We've been watching Michigan, and the state's seventh congressional district in particular, for a long time given the great opportunity the state affords the Democrats as they try to extend their majority in the United States House. Now, as alluded to up in Breaking Blue, the Democrats have found themselves a candidate more than up to the task for taking advantage of the great opportunity in Michigan's seventh district. The Associate Press has the story, via Walberg Watch.
State Senate Minority Leader Mark Schauer said Thursday he will seek the Democratic nomination to challenge Republican U.S. Rep. Tim Walberg in the 2008 election after declining earlier overtures to enter the race.
The district, which leans about 2 points more Republican than the nation as a whole in presidential elections, looks a little like this:
The Michigan seat most clearly under the Democrats' gaze this year might be CD 7. Backing up one cycle to the 2004 campaign, the Republican primary went to the somewhat more moderate Joe Schwarz as conservative Republicans, including the son of the retiring incumbent Nick Smith (who Republican leaders attempted to bribe on the House floor with promises to support his literal political heir, but that's a whole other story...), split the field. Once in Congress, Schwarz was almost immediately under conservatives' sites despite proving a fairly reliable vote for his party (he voted with his caucus on party-line votes 84 percent of the time in 2006, for example, according to CQ), and with the backing of the Club for Growth, Tim Walberg was able to unseat Schwarz in the primary.Yet Walberg was -- and is -- too conservative for his district, which leans about two percentage points more Republican than the nation as a whole. Despite outspending his Democratic challenger by more than a 20-to-1 margin, Walberg was not even able to secure a majority of his district's vote on November 7, clocking in at just 49.9 percent of the vote.

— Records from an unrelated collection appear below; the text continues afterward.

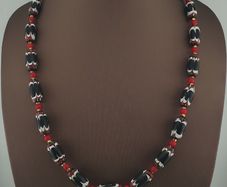 Antique Venetian Style Black Trade & Red Venetian Whiteheart Glass Beads Necklace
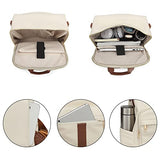 seyfocnia Backpack Purse for Women, Fashion Waterproof PU Leather Satchel Bag Shoulder Handbags, Ladies Convertible Casual Travel Bag, White Brown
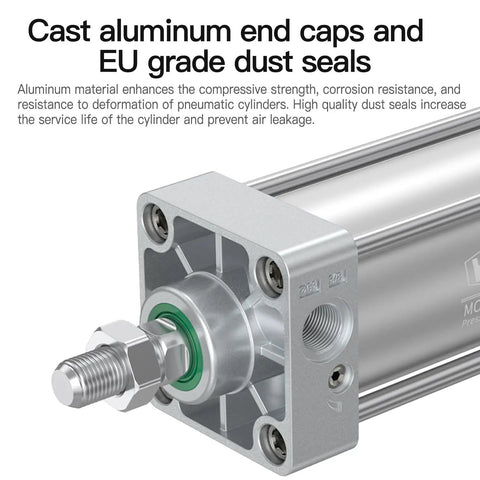 Close-up of aluminum end caps on Long Stroke Pneumatic Cylinder With 4 Inch Bore And 12 Inch Stroke Magnetic Beefy Heavy Duty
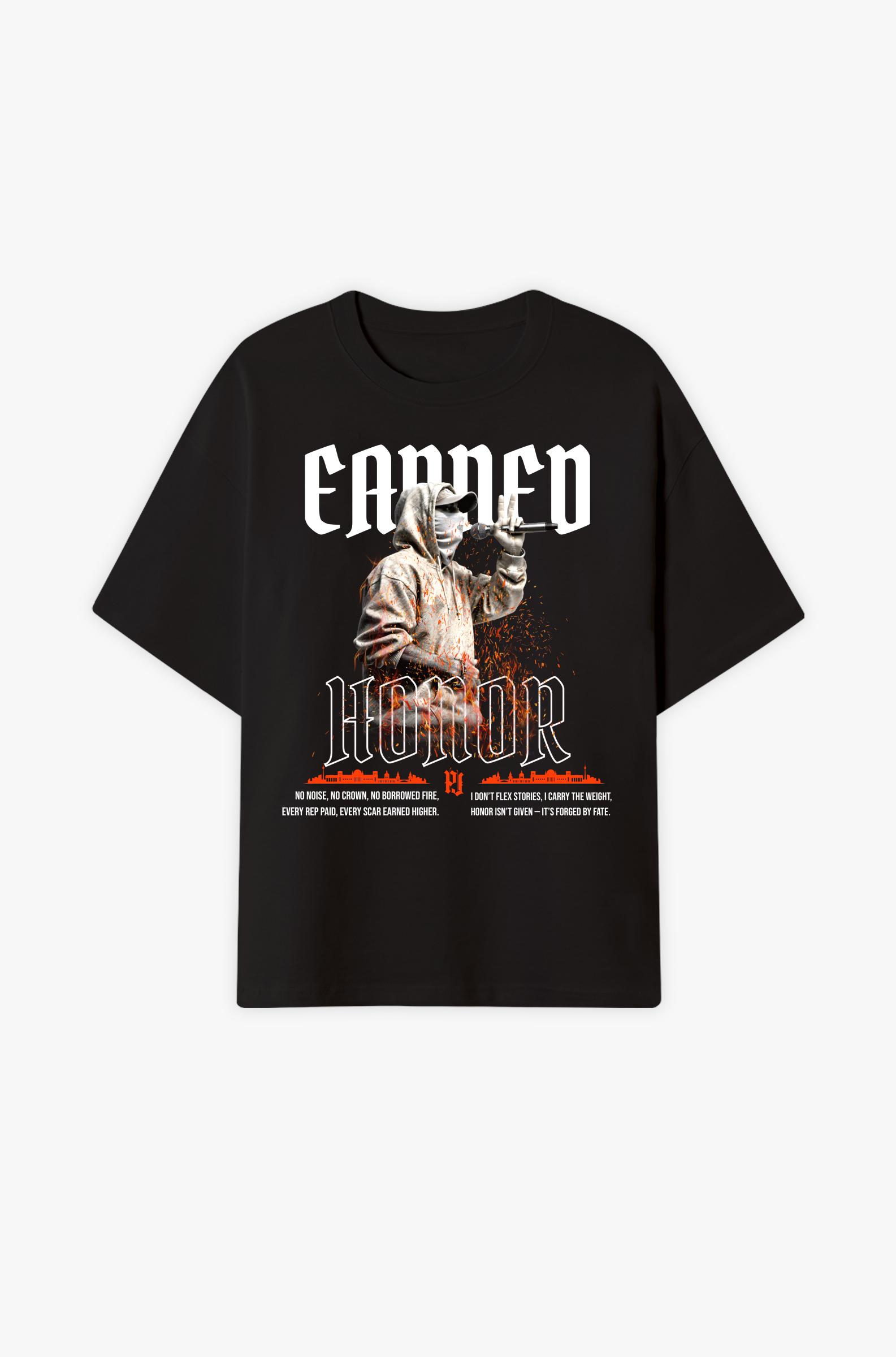 Earned Honor – Respekt durch Leistung, Feuer & echte Haltung Oversized Shirt
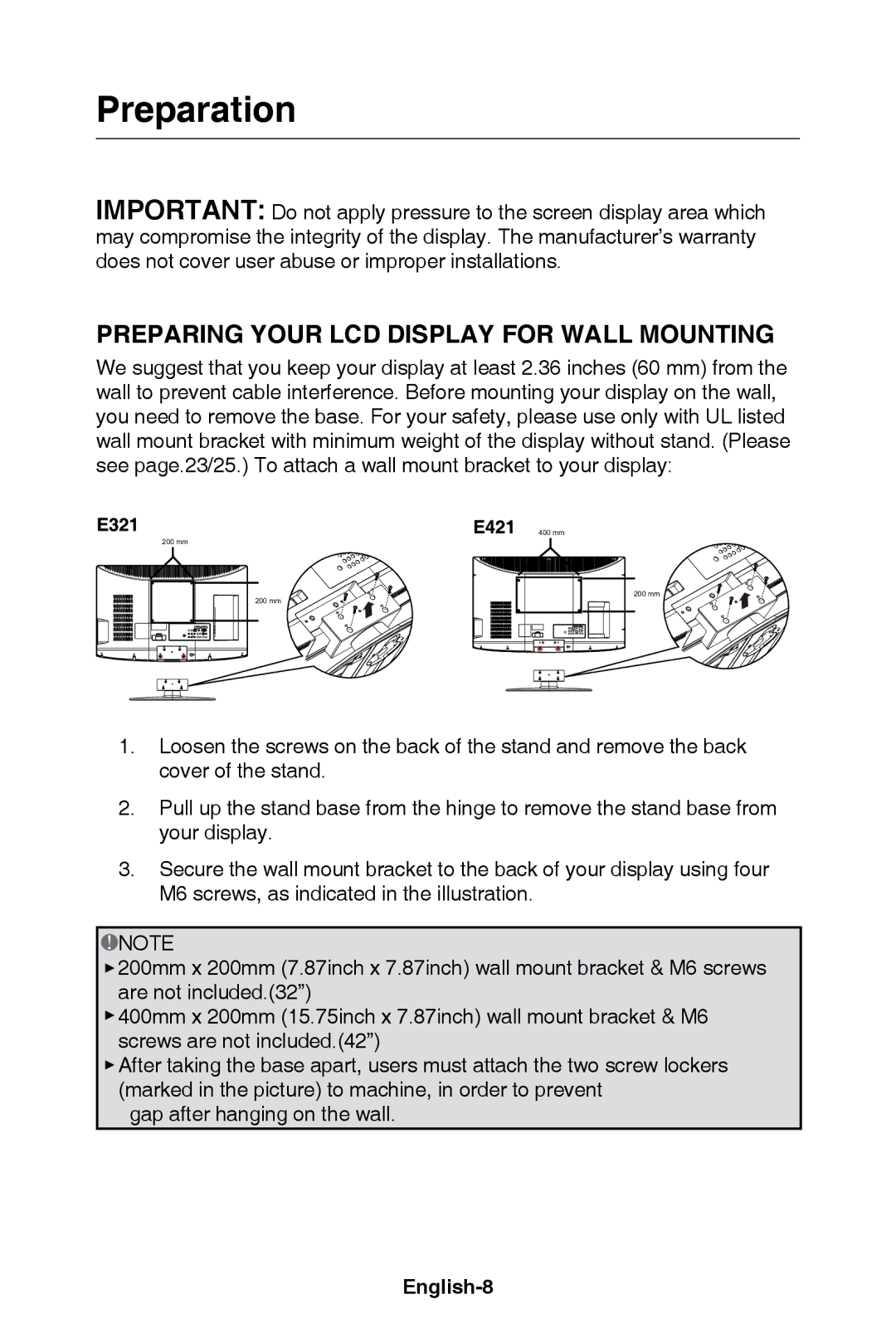 NEC E421, E321 user manual Preparation, English-8 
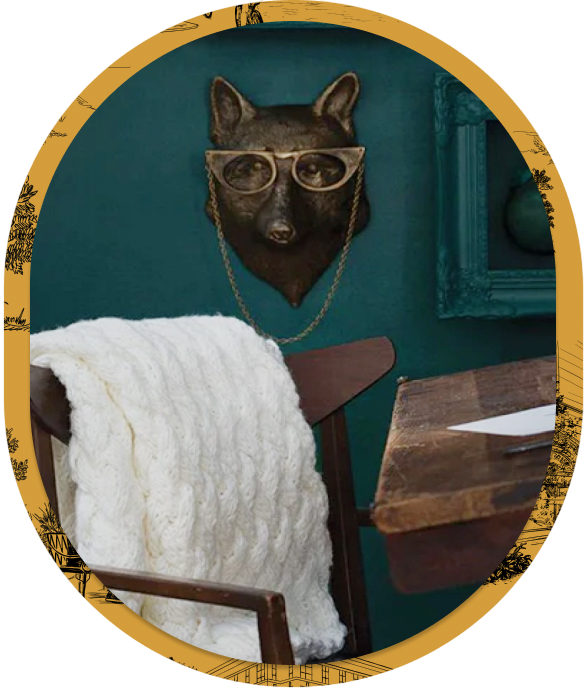 Painting showcasing a bear head with glasses, table, & white cloth over a chair.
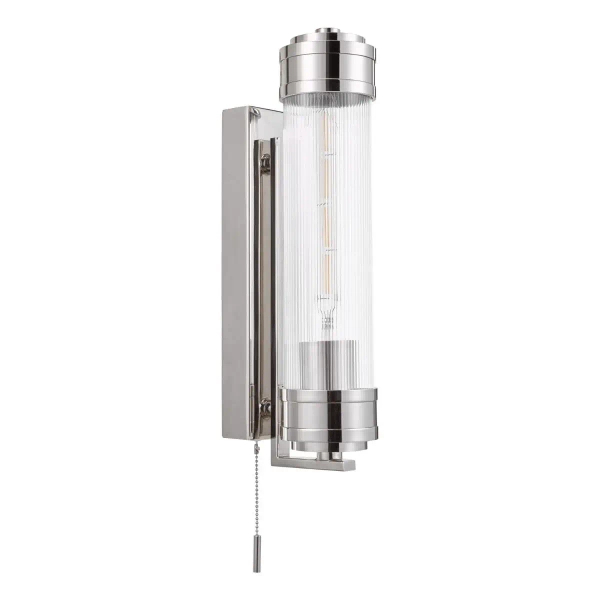 Szklana lampa ścienna Tommaso TOM0738 do łazienki tuba IP44 nikiel
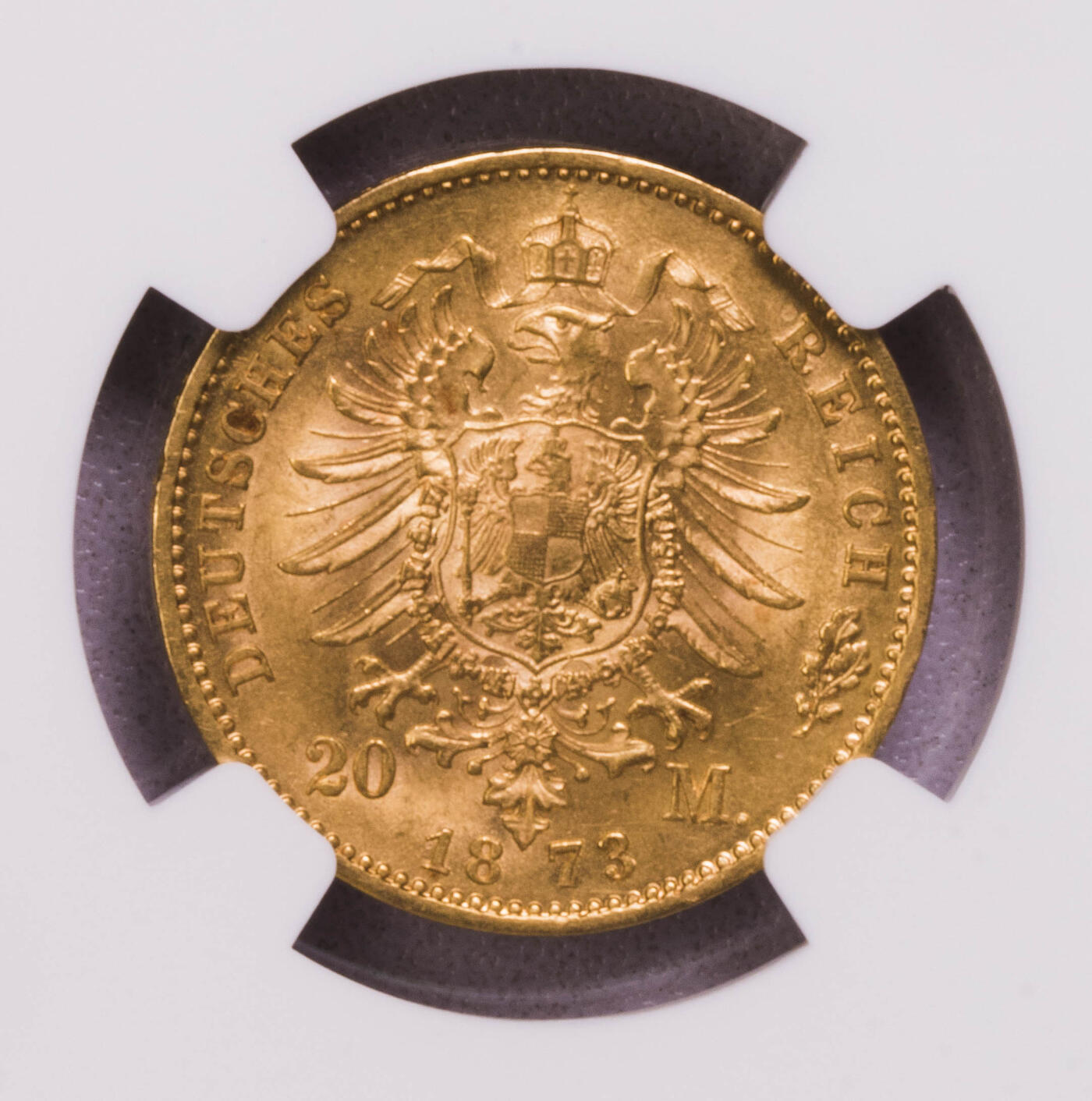 NGC-MS63 1873F符腾堡短翅20马克金币BU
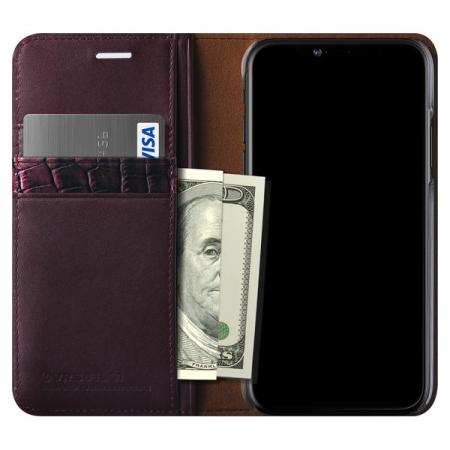 VRS Design Genuine Leather Diary iPhone X Case - Wine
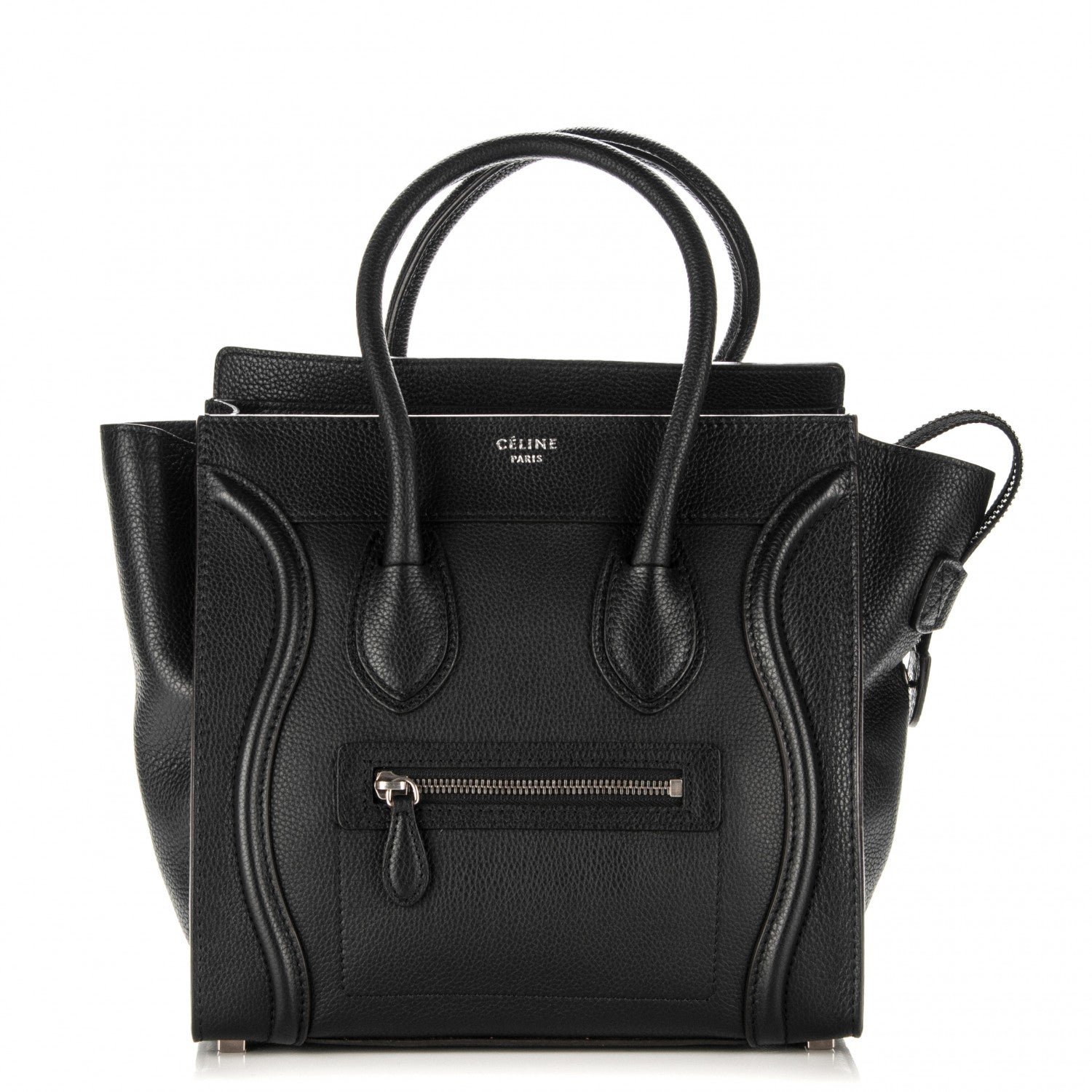 Celine Drummed Calfskin Micro Luggage Black 1 of 7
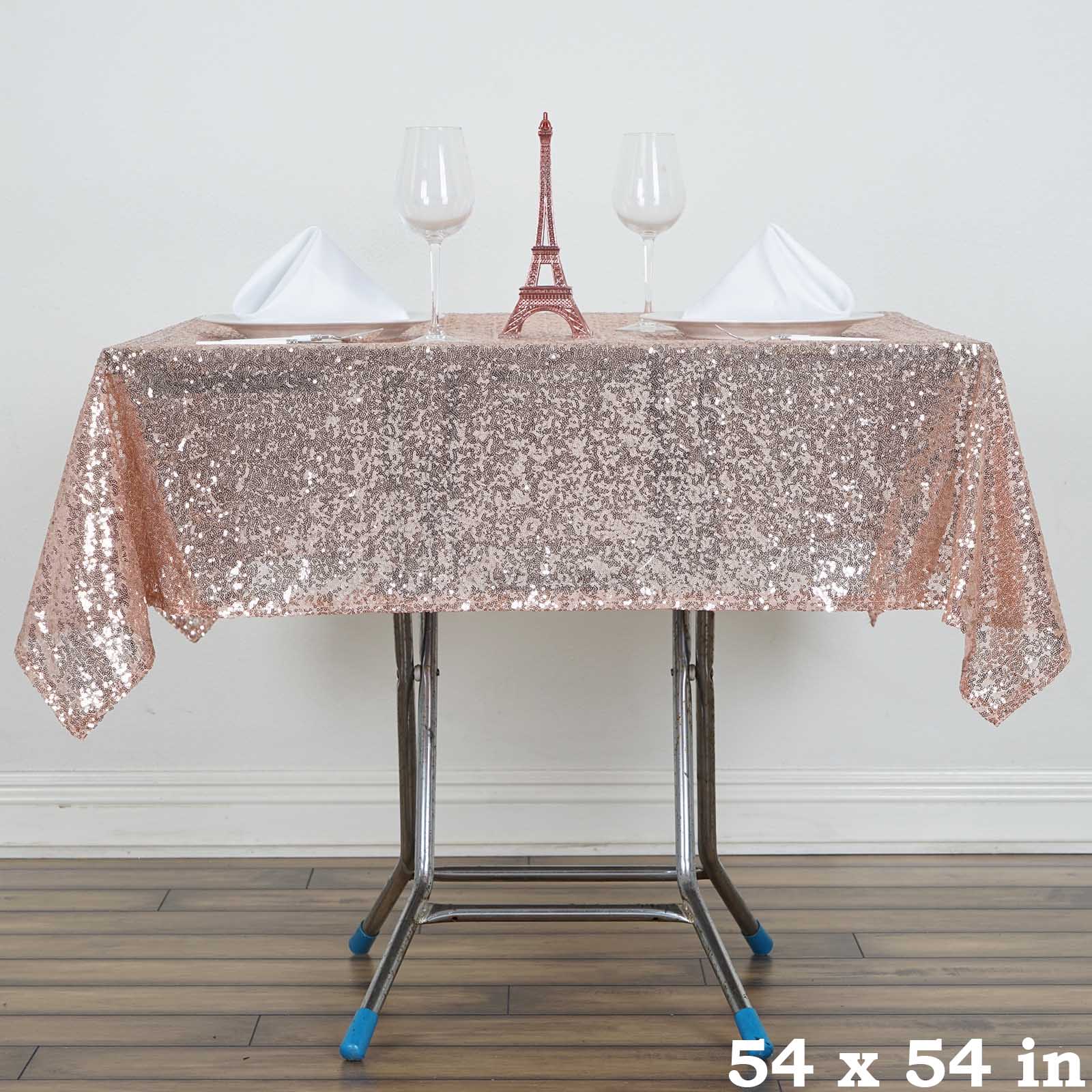 SEQUINS 54x54" SQUARE Cocktail Table Tablecloths Dinner Wedding Party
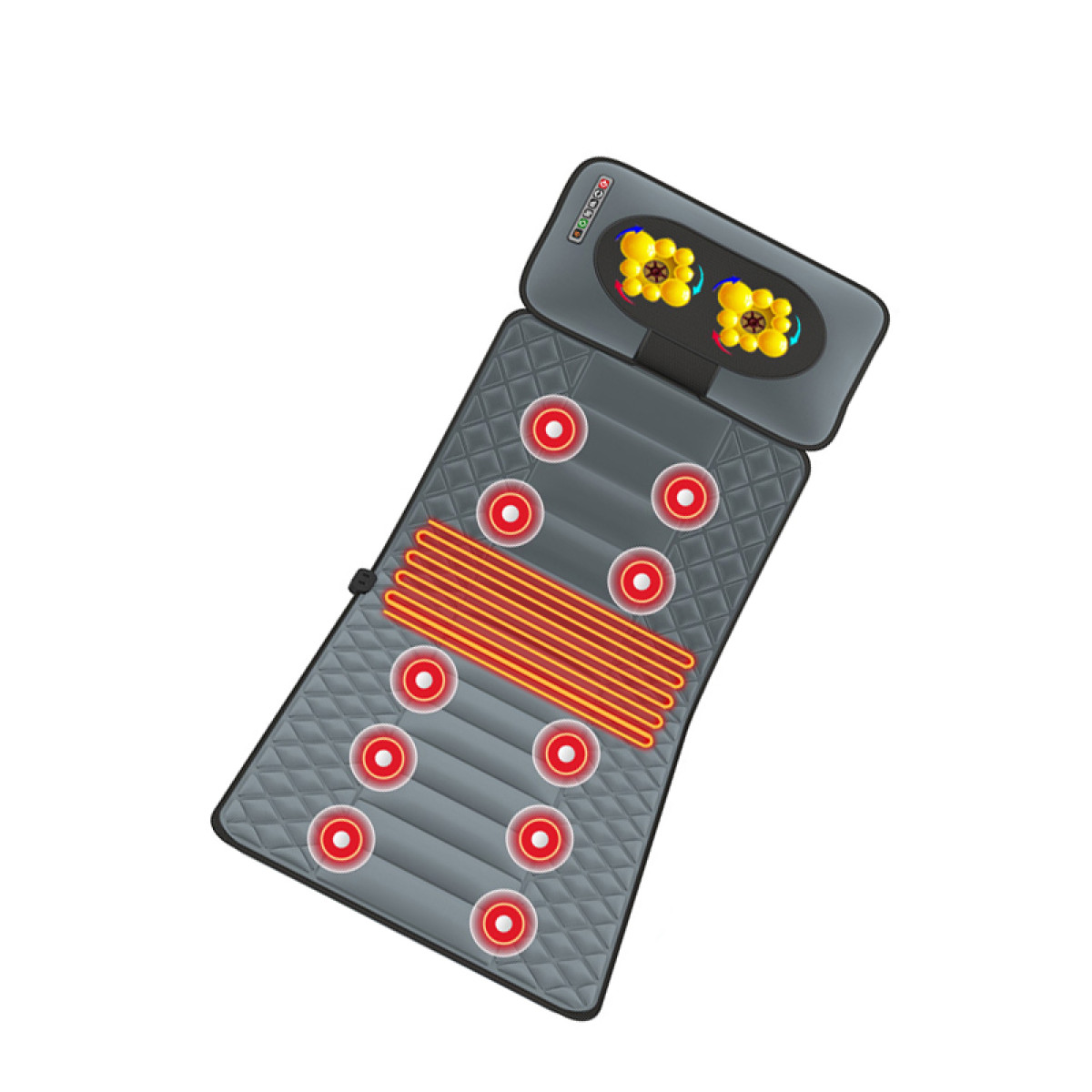 Grey heating massage mat with yellow massage nodes on white background.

According to Michigan Liberal, DCCC polling out of this race already puts Schauer within the margin of error of Walberg (the incumbent leads by 3 points Schauer is up 3 points), a fact that augurs quite poorly for Republicans hopes of holding this seat (or at least doing so without spending so much money that they have to scrimp elsewhere). Remember, the DCCC already has better than a 10-to-1 cash-on-hand advantage over the NRCC, meaning that either the Democratic spending is going to at least be on par with that of the Republicans, or else the GOP will have to forgo, nearly completely, any attempts to go up against just about any Democratic incumbent. So mark this one down as another win (in a figurative though clearly not yet literal sense) for the Democrats.